Horsham council votes to kill off play schemes

Horsham council decided in the full council meeting on Feb 24th to cease their play schemes in order to save an estimated £52,000.  The budget report also included the transfer of about £400,000 to reserves so the scheme could easily have been saved by reducing the transfer accordingly.


The Liberal Democrat leader proposed an amendment to defer the decision in order to study the impact of this cut. Unfortunately this lifeline was ignored and so we will be able to see the impact all too clearly if working parents find that they cannot afford private child care and have to give up jobs or decide to leave children unattended. When the Easter holidays arrive we are sure they will be letting us know exactly how they have been affected.

The Conservative party's own website outlines their so-called family-friendly policies and states "if we want to give children the best start in life - whatever background they are from - the right structures need to be in place" and yet where such structures already exist they are dismantling them!

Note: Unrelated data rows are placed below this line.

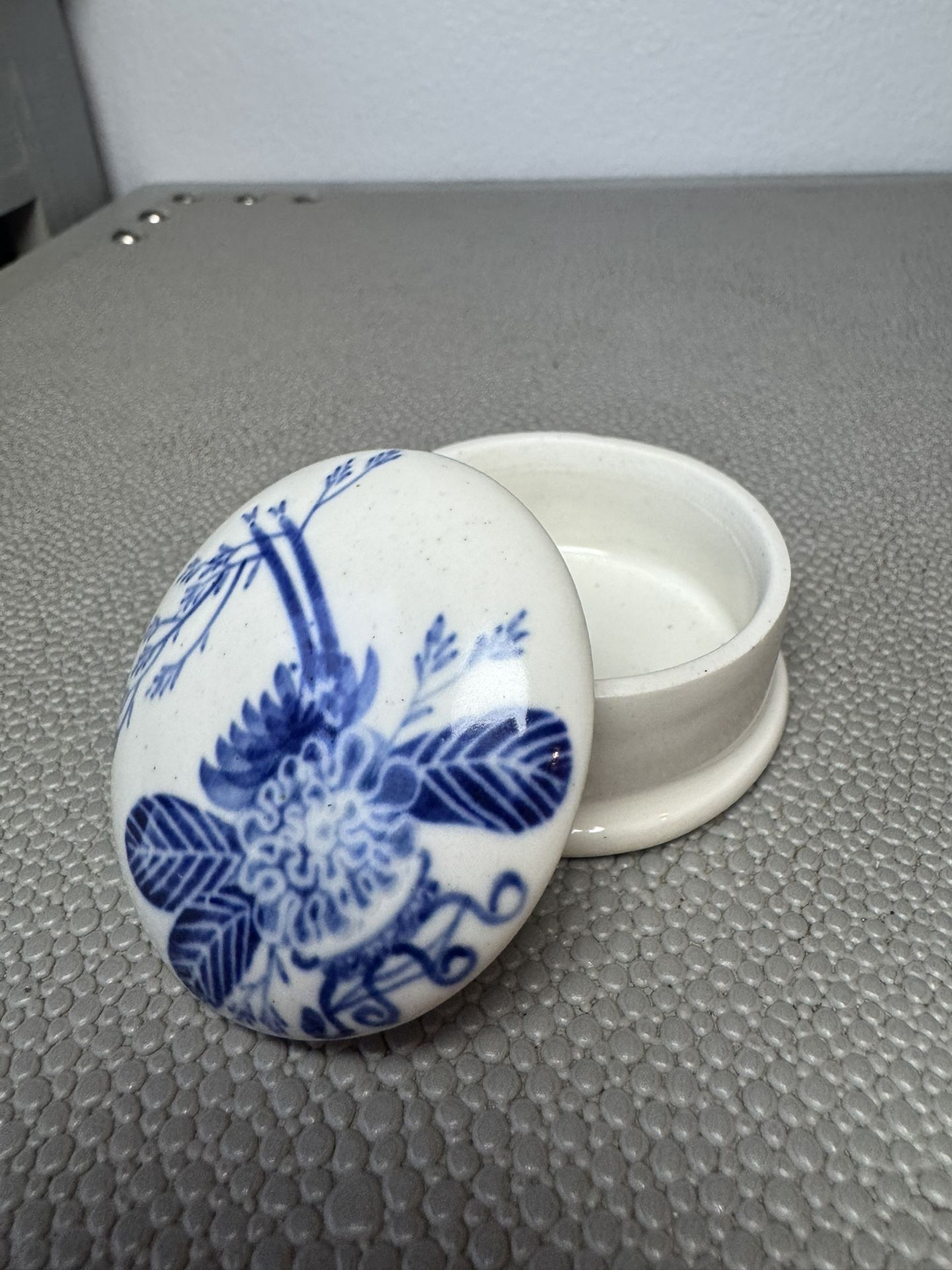 Porcelain Trinket Box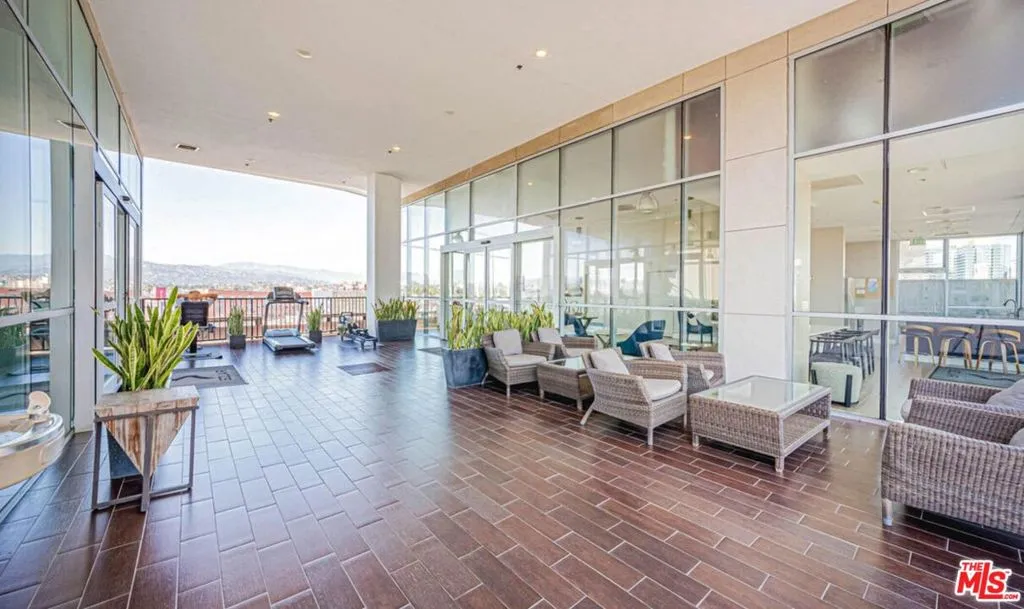3785 Wilshire Boulevard 1709, Los Angeles, California 90010 home-pic-39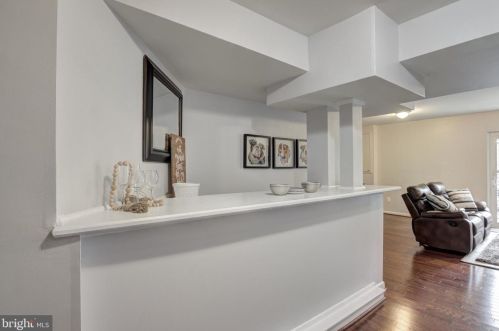 6369 Buffie Ct, Springfield VA  22015-3401 exterior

In a TV interview during the Tory spring conference Theresa May talked about how children whose parents do not work are more likely to not work themselves and how that must be addressed, and yet her colleagues in local government are taking decisions to make it more likely that working parents will have to give up their jobs. The gap between words and actions is all too clear,

Deferring the decision would also have allowed some investigation of just why the play schemes had an attendance that dropped year-on-year since 2007, despite being less than half the price of some competing private schemes. Surely this is what the scrutiny system is there for: to find out why the council can't find sufficient business for a service that undercuts private provision so much.

The council took its decision with a complete lack of transparency, without making it clear what levels of attendance would have been acceptable, what the maximum capacity of the service is, what efforts had been made to reverse the drop in numbers between 2007 and 2008, or any other substantive information. There was not even any scope for identifying whether any of the individual schemes were viable: it was all or nothing, and we ended up with nothing.

The cabinet member has said the council will be talking to familes to make sure they are aware of access card discounts, but in the Labour party we are wondering whether talking to families last year and the year before to make them aware of the council's play schemes would have been a much better idea.

We do appreciate the efforts of the Liberal Democrat councillors in their last-minute attempt to rescue this service, but it really was too little, too late. Why had they not challenged this when it was mentioned in the preliminary stages of the budget process? They did not even all support their own leader's amendment at the full council and at least give the appearance of an effective opposition!

If there was even one Labour member of Horsham council, they would have raised their concerns as soon as they were aware of the plans, giving enough time to gather information and investigate alternatives.  The Liberal Democrats, although well-meaning, just did nothing until Horsham Labour Party wrote to every councillor this month urging them to not make these cuts in services.